(Source data)
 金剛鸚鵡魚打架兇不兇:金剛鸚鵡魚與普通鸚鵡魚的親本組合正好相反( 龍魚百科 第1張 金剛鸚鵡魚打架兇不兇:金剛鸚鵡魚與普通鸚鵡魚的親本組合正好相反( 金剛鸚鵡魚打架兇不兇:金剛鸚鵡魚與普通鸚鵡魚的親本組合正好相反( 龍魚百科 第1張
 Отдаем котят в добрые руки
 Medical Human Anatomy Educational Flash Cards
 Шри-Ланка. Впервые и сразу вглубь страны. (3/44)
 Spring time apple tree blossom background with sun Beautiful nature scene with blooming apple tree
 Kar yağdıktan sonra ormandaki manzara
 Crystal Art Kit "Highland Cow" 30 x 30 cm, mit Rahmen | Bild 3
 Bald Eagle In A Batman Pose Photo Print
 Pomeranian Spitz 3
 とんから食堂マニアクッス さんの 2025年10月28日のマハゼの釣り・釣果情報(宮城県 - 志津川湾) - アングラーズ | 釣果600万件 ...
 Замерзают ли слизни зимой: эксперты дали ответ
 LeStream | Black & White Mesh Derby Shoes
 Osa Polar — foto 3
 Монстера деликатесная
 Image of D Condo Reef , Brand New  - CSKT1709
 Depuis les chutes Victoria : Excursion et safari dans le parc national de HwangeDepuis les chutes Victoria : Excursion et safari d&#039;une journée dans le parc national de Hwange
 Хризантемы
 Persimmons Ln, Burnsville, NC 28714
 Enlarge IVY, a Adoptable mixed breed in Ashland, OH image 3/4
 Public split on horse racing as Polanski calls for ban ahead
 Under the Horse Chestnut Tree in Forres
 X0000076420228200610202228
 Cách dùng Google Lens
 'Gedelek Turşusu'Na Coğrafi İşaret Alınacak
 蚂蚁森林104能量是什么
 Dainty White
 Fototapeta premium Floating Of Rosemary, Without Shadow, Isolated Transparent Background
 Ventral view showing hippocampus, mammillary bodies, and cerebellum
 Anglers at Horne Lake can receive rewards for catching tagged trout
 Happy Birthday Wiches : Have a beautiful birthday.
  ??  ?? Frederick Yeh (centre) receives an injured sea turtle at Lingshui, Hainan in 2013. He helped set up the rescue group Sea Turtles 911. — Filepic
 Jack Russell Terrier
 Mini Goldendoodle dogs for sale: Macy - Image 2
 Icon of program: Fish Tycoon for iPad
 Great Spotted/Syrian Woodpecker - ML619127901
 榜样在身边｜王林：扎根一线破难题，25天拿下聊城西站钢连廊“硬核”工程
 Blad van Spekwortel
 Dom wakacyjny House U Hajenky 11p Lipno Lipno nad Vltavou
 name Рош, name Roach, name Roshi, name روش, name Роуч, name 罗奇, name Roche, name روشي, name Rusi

**Problem:** Check each line above for the word "White" and copy every line that has it.

**Result of this exercise:**
 LeStream | Black & White Mesh Derby Shoes
 Dainty White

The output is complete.